Antologia desnuda explicações para o amor

Eduardo Knapp-1.jul.96/Folha Imagem
Sensualidade em pequenos detalhes é o tema de textos de "100 Melhores Histórias Eróticas"


MARCELO RUBENS PAIVA
ARTICULISTA DA FOLHA

O livro "100 Melhores Histórias Eróticas da Literatura Universal", seleção, introdução e notas de Flávio Moreira da Costa, com a colaboração de Celina Portocarrero, não dá para ser lido numa única sentada.
O catatau de 640 páginas talvez sirva à curiosidade, à consulta e, ops, à libido. Há muitas ausências. É evidente. Numa seleção como esta, ousada e subjetiva, a unanimidade é uma causa perdida.
Costa foi cuidadoso em não destacar os cem melhores contos ou as cem melhores histórias. Apenas indicou: "100 Melhores". Uma antologia como esta tem sua escolha contaminada pela liberação de direitos autorais -mais de 20% dos textos não estão sob domínio público.
Há trechos de romances e poemas, o que é insólito, dirão os leitores mais exigentes, pois retiram textos de uma obra, que vieram com as amarras de uma trama, um enredo, um contexto. Mas são histórias dentro de histórias.
O conceito de erótico é amplo, desgraçadamente cheio de escrúpulos, incomoda e excita, causa curiosidade e, antes de tudo, vende bem à beça. Já levou muito escritor à prisão ou a sanatórios.
Está lá João do Rio, com "Penélope", carioca justamente recuperado. Mas não está seu discípulo mais notório, Nelson Rodrigues, o Anjo Pornográfico.
Charles Bukowski, herdeiro dos beats, não é citado. Logo ele... Nem seus herdeiros brasileiros contemporâneos, como Paulo Leminski e Reinaldo Moraes. Está Caio Fernando Abreu, com "Sargento Garcia". Está o genial Domingos Pellegrini, autor que deu uma sumida e enviou um conto inédito, "Um Passeio pelo Rio".
Os poemas eróticos de Drummond não são lembrados; muitos deles revelados após a sua morte. Mas o Vampiro de Curitiba, Dalton Trevisan, tem duas histórias publicadas, "Cântico dos Cânticos" e "Mister Curitiba".
O Bruxo do Cosme Velho aparece, lógico, com dois contos.
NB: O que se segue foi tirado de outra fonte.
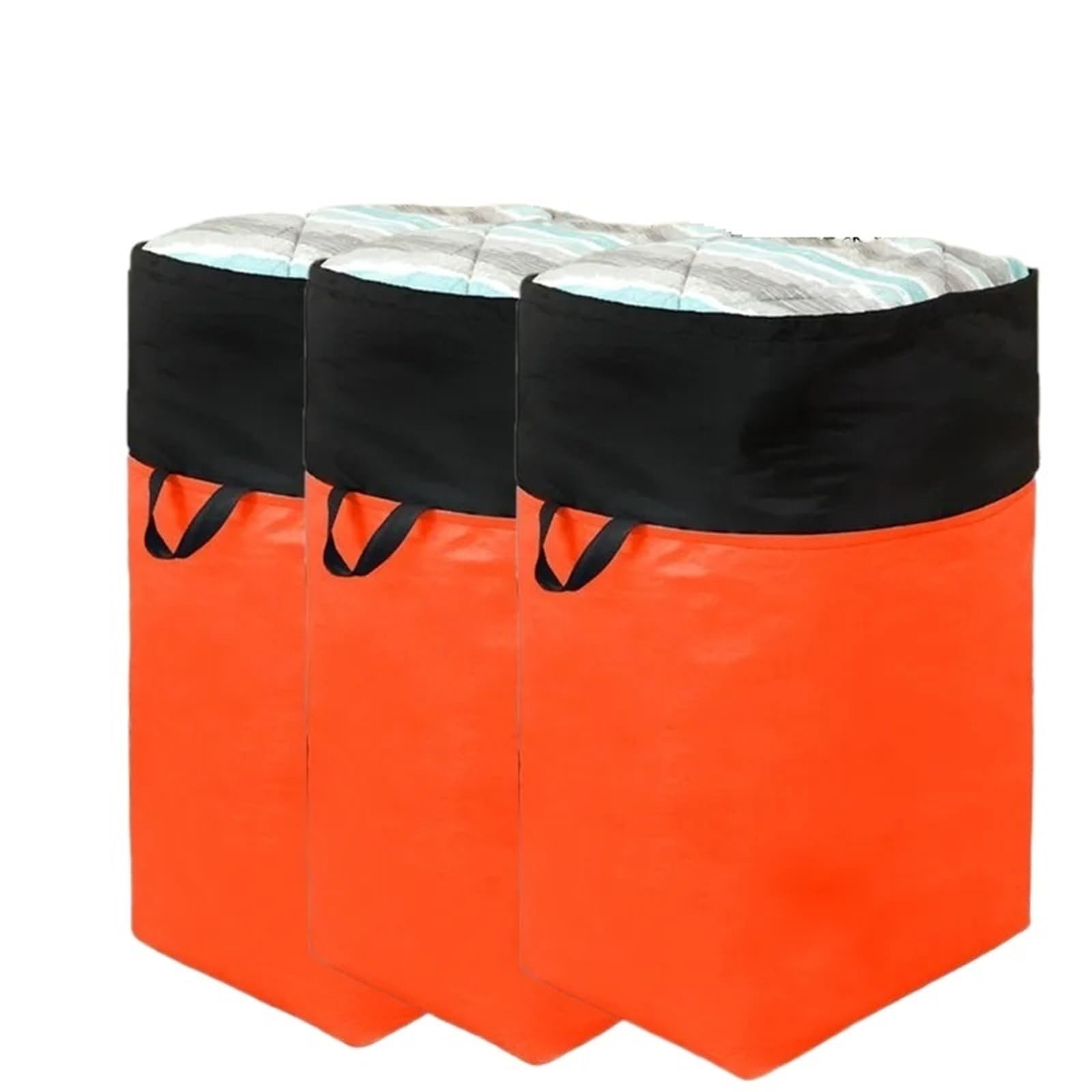 KIFSDLF Extra Large Capacity Thickened Waterproof Dustproof Bag For Quilt Storage Moving Packing Dormitory Organizing([pack of 3] orange extra large)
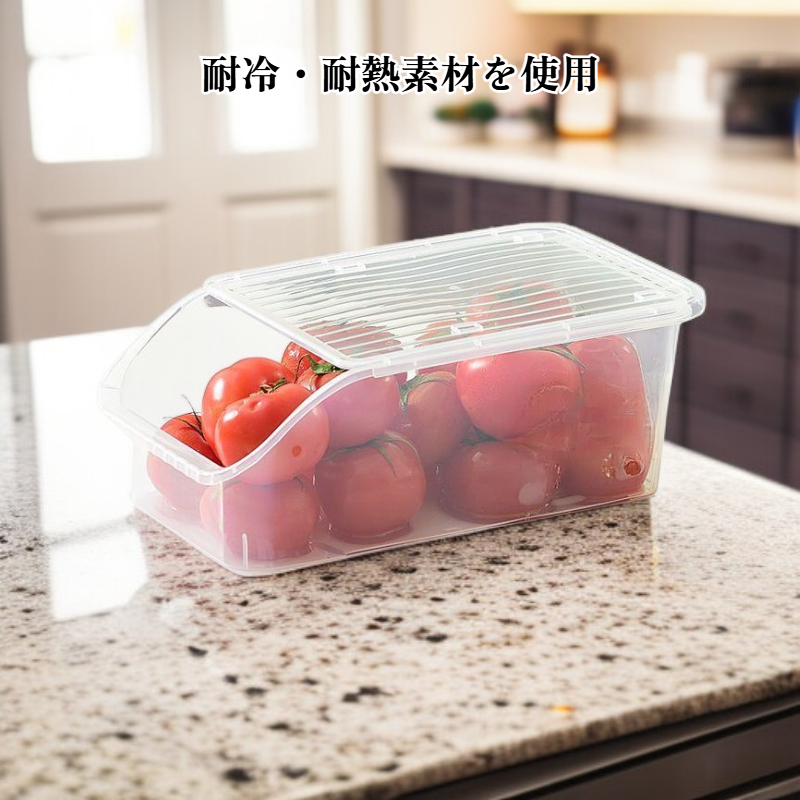 多機能冷蔵庫収納ボックス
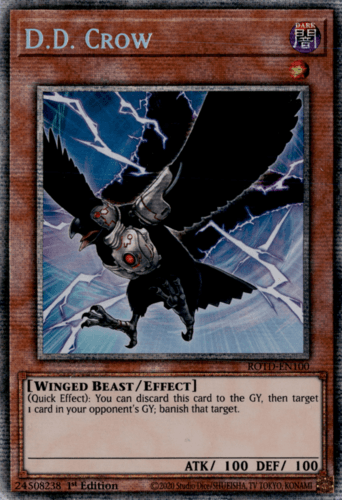 D.D. Crow - ROTD-EN100 Starlight Rare 1st Edition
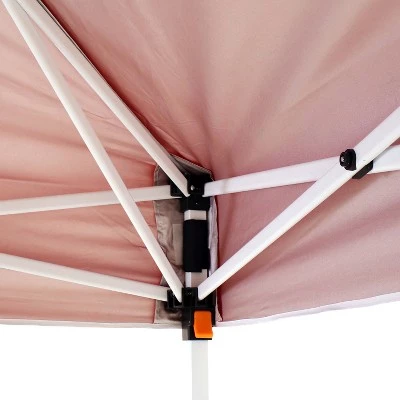 Sunnydaze Decor Sunnydaze Premium Pop-Up Canopy with Rolling Carry Bag - 10' x 10' - Red 4 Sunnydaze Decor Sunnydaze Premium Pop-Up Canopy with Rolling Carry Bag - 10' x 10' - Red - Image 2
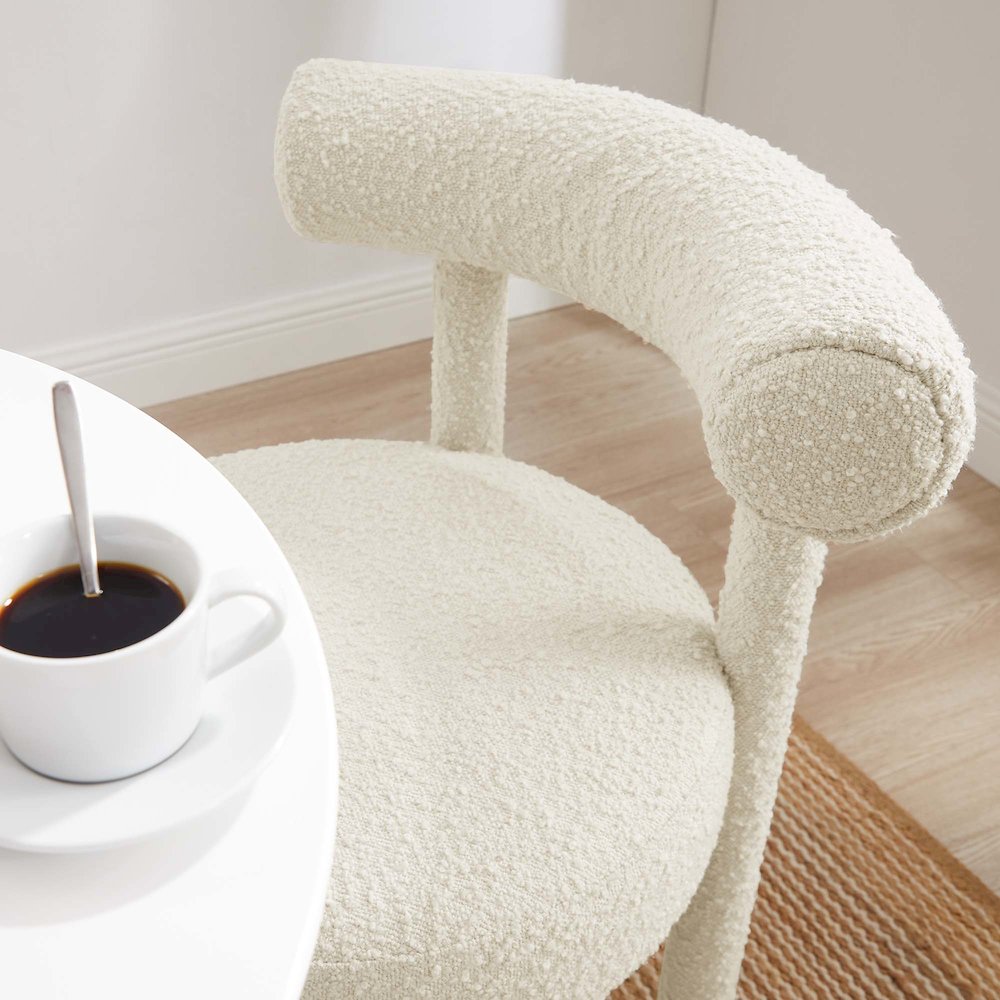 Toulouse Boucle Fabric Dining Chair. Picture 9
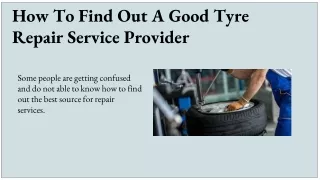 Onsite tyre repair services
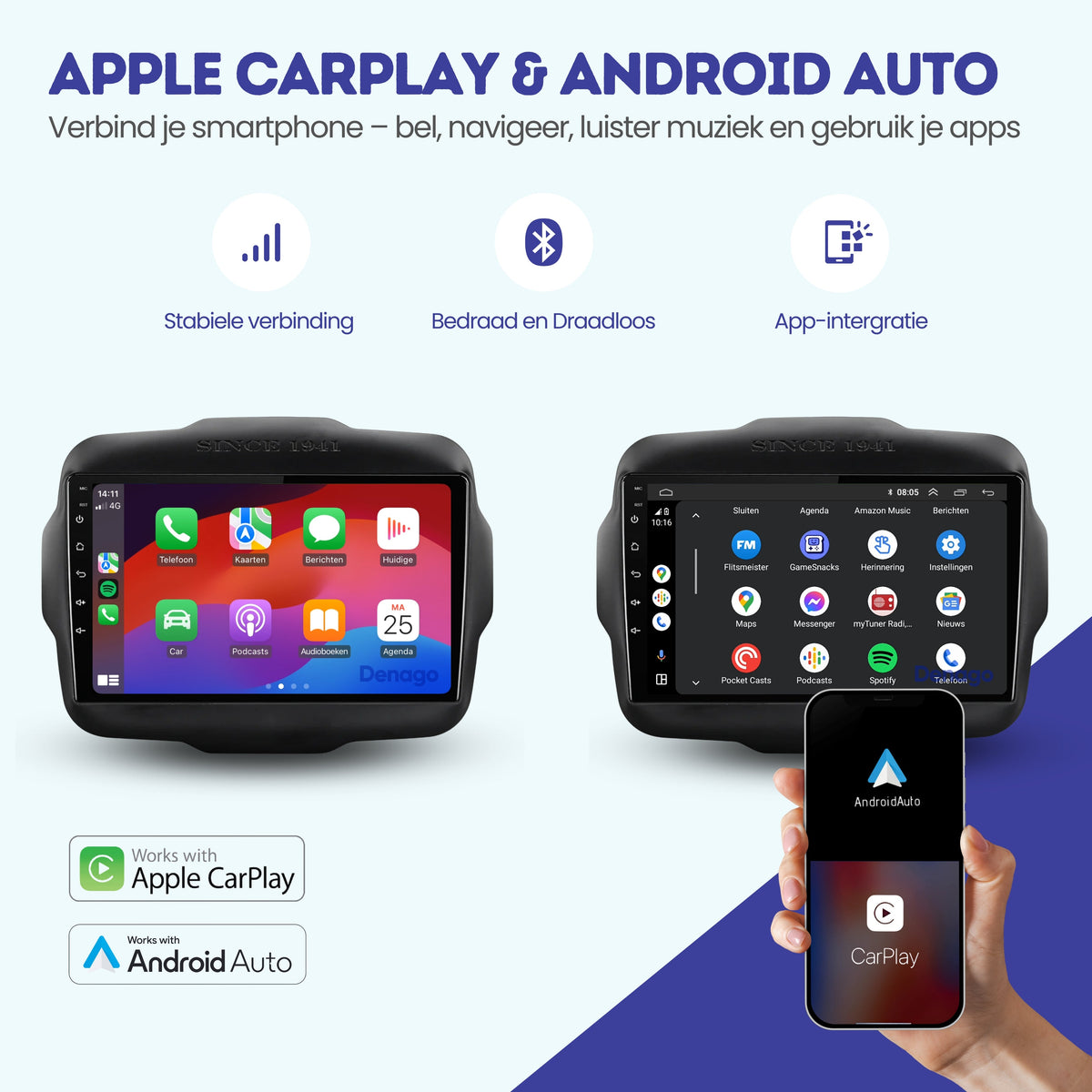 Denago DNG-A123 multimediasysteem voor Jeep Renegade (2014–2023), afbeelding 2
Machado de Assis tem um erotismo sem disfarces em grande parte de sua obra. Escrevia também para isso, para ruborizar as moçoilas que liam seus folhetins. E há uma observação na apresentação de "Uns Braços" bastante enfática.
Diz o autor da coletânea que "Uns Braços" e "Missa do Galo" são dois de seus melhores contos, "segundo qualquer estudioso bem informado". Não sei se todos os estudiosos bem informados compartilham do mesmo gosto.
Porém quem se propõe a encarar uma coletânea como esta, com tanta gente espiando, deve assumir riscos. E Costa foi corajoso e bem-sucedido, especialmente na reedição de textos esquecidos e desconhecidos.
Começou onde? Grécia, Platão ("O Banquete"). Depois, Ovídio ("Arte de Amar") e Petrônio ("Satyricon"). Passou pelo "Cântico dos Cânticos", "Kama Sutra" e "As Mil e Uma Noites".
Indicou erotismo no notório travado Marcel Proust. Selecionou um trecho de "No Caminho de Swann" em que o narrador define o sadismo, num encontro entre duas amigas -uma delas, srta. Vinteuil, pede para a outra cuspir no retrato do pai que só viveu para ela.
"As sádicas do tipo da srta. Vinteuil são seres tão puramente sentimentais, tão naturalmente virtuosos, que até o prazer sensual lhes parece algo de maldoso, privilégio dos malvados. E, quando permitem a si mesmos se entregarem a eles por um momento, é na pele dos maus que tentam se pôr e de fazer entrar seu cúmplice..."
Não poderia faltar texto daquele que virou sinônimo de homem conquistador, como o perseguido Casanova ("Sedução de Menor").
Porém fez uma leitura radical dos sonetos 57 e 58 de "The Slave Sonnets", de Shakespeare, como exemplos do imaginário masoquista, que, na verdade, tratam de um amor submisso às extremas, sempre esperando ("meu amor obedece a teu desejo e, cego, busca o mal que nele vejo"), amor que escraviza facilmente, como a maioria deles.
Lembrou rimas de gosto duvidoso, como a do romântico Álvares de Azevedo ("oh, quem pintara o cetim, desses limões de marfim"), destacou erotismo no encontro de Basílio e Luísa ("O Primo Basílio"), do fora-de-moda Eça de Queirós, e num trecho de "O Ateneu", de Raul Pompéia, numa paixão pra lá de suspeita entre dois internos.
O autor afirma que a idéia surgiu há 20 anos, a partir de um título-trocadilho: "Eros uma Vez". Aponta a dificuldade em definir o que é erótico, obsceno e pornográfico, já que tais conceitos mudam com o tempo e ideologias.
Eros, na mitologia, é o deus do amor. Voluptas, seu filho com Psiquê, sim, simboliza o prazer, a volúpia. O autor lembra uma frase de Godard: "Tudo o que se mexe é pornográfico".
E não é? Zeus descobriu a forma da humanidade existir sem insubordinações, enfraquecendo-a, cortando cada ser em dois. Cada metade sentiria saudades da outra. E procurariam sempre se juntar, envolvendo-se com os braços e se enlaçando, para se unificar.
Erotismo é abrangente, não deve ser confundido com erotismo genital. O problema é o que cada texto provoca na cabeça do leitor. Se é obsceno, isto é, fora de cena, às escondidas, é de cada um o julgamento. Mas, juntando os cacos, forma-se a mesma figura: procurar explicações para o amor.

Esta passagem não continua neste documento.